## DATA PROVIDED
# # # # # # #

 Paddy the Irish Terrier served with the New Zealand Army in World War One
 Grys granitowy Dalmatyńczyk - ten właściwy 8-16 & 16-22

# # # # # # #

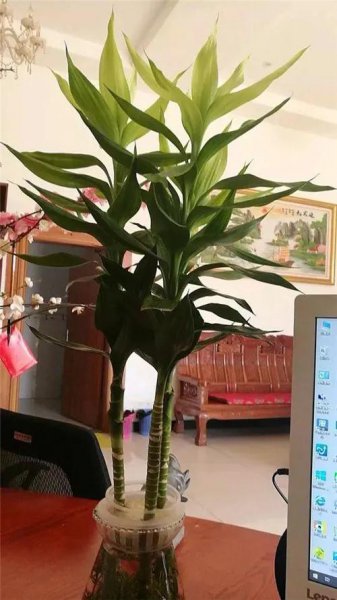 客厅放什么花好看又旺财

# # # # # # #

## YOUR OBJECTIVE
Within the listing above, give again exactly every line from the line with "Paddy the Irish" through the line with "Grys granitowy Dalmatyńczyk", both included, and no other line.

## TASK OUTPUT
 Paddy the Irish Terrier served with the New Zealand Army in World War One
 Grys granitowy Dalmatyńczyk - ten właściwy 8-16 & 16-22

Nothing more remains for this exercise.